"She's a happy kid, a good student, and the virtual learning was a disaster for us," said Erin Haroldson of Mount Horeb, Wisconsin, whose eight-year-old daughter was receiving virtual education from her local public school last spring. When it looked like schools would go virtual again this fall, Haroldson asked her daughter if she would rather continue at Mount Horeb or start in person at a new school, where she would need to make new friends.
When her daughter responded "Mom, I want to go to a new school," the Haroldsons enrolled her in High Point Christian School in Madison.
The Haroldsons are not alone. According to a new Wisconsin Institute for Law & Liberty (WILL) study, the state's public schools saw an unprecedented enrollment decline this fall, and the school districts that started virtual learning at the outset of the school year lost the most students. Across the Badger State, the average district saw an enrollment decline of 2.67%. Districts that went fully virtual drove this decline, seeing an average 3% decline in enrollment.

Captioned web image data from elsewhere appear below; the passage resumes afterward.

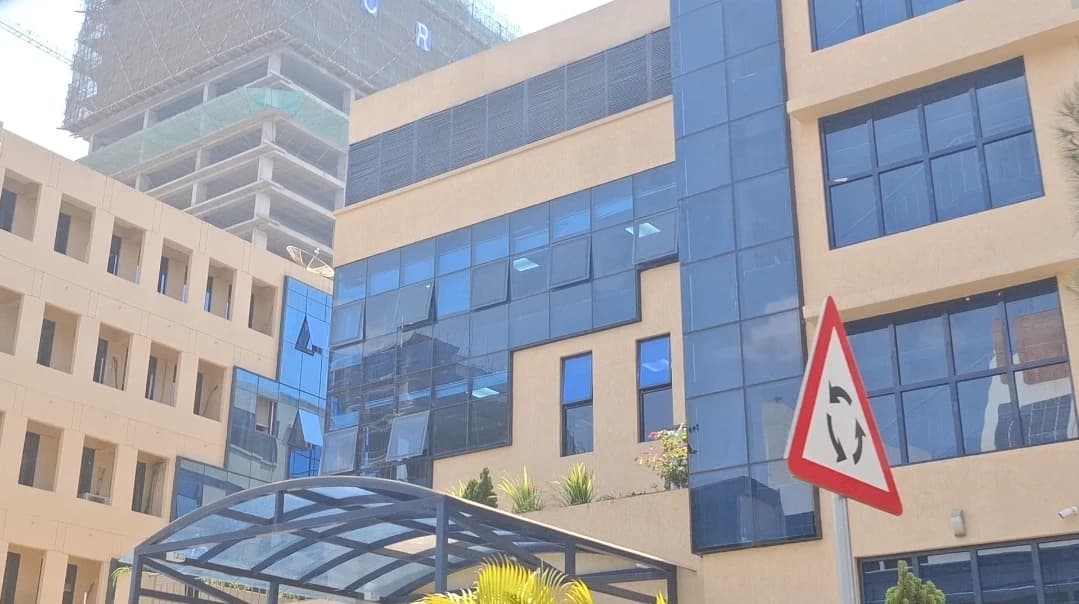 Ministry of Finance and Economic Planning building exterior with glass windows in Kigali.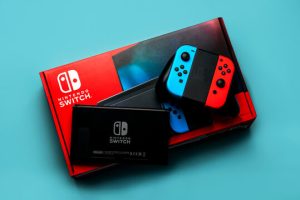 Nintendo Switch OLED rood/blauw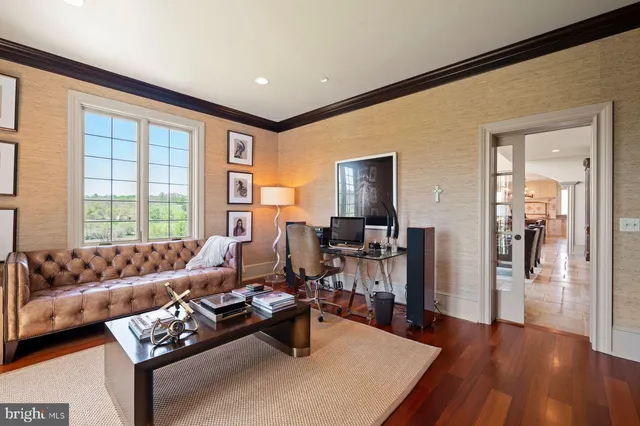 a bathroom with a granite countertop toilet a sink and a mirror
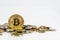 Golden bitcoin over many international money coins isolated on white background.  Crypto currency concept.  Bitcoin cryptocurrency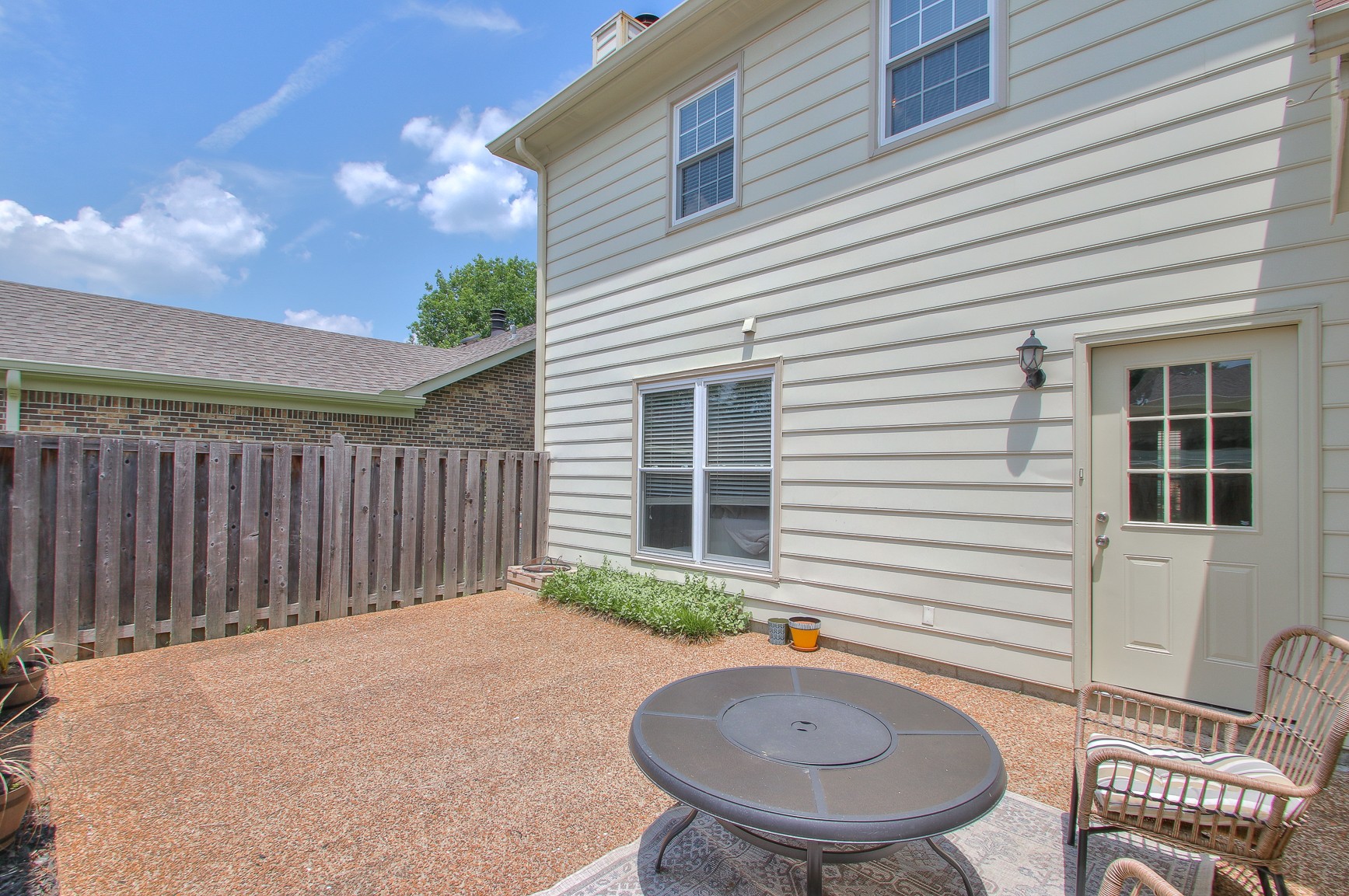 1016 General George Patton Road Nashville, TN 37221 - Photo 19 of 23 a backyard of a house with table and chairs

These numbers may seem small, but they represent a meaningful number of kids. In Madison, enrollment declined by 995 students; in Milwaukee, by 2,335 students. These drop-offs were driven in part by smaller pre-kindergarten and kindergarten enrollment.

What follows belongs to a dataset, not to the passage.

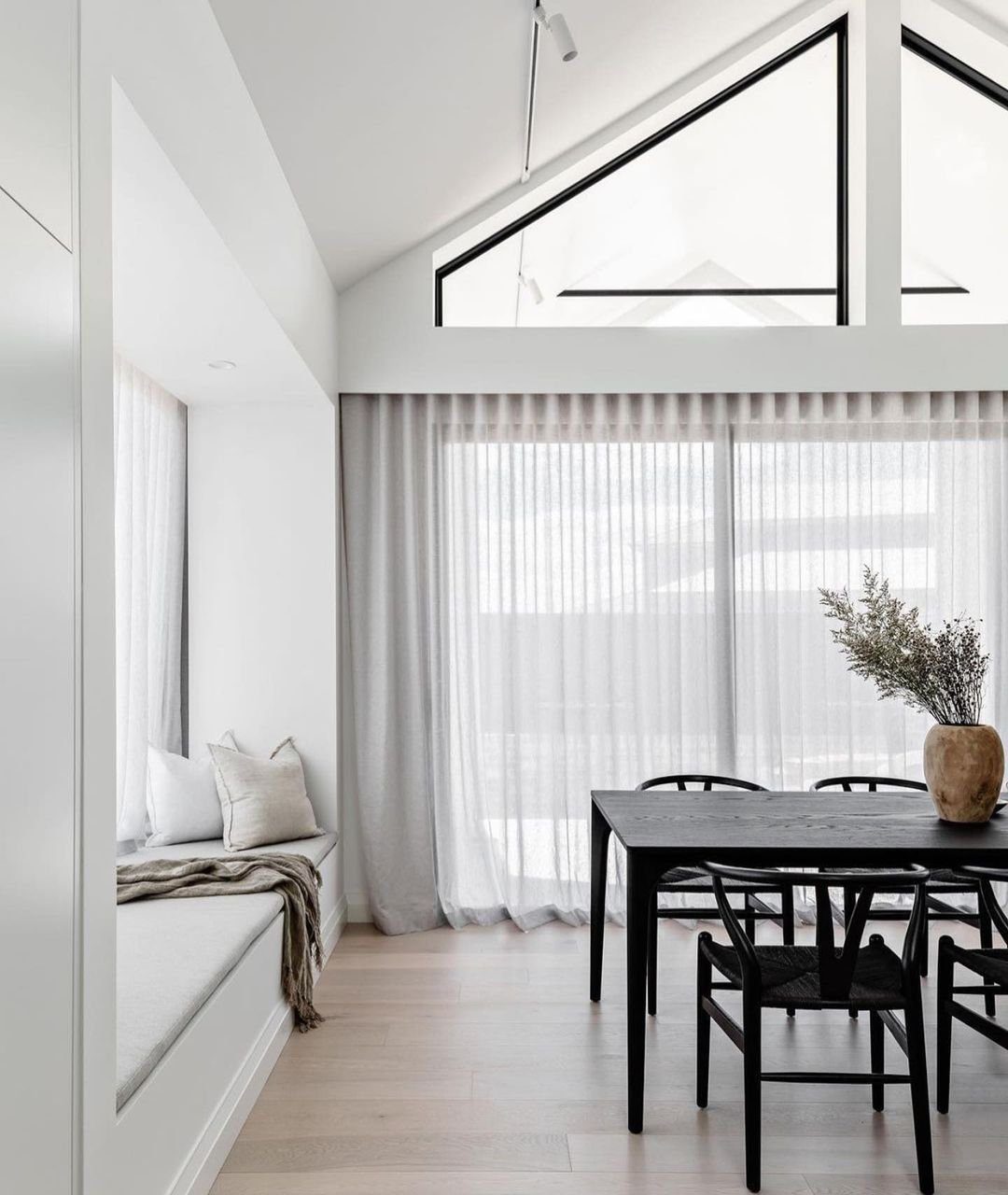 30 Jaw-Dropping Cathedral Ceiling Designs for 2025 9 Modern Cathedral Ceiling in a Chic Dining Area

Wisconsin's experience is consistent with national trends. New York City Public Schools, the nation's largest school district, is enrolling about 19,000 fewer students. According to Chalkbeat, the city's most affluent public schools have seen a decline of 12%, while enrollment at the city's lowest-income schools has dropped 4%. Enrollment in the Los Angeles Unified District, the nation's second-largest district, has been dropping since its peak in 2003, when it reached 750,000 students. As of April, EdSource reported that enrollment had dropped to below 600,000. According to NPR, Los Angeles Unified is down about 11,000 students this fall.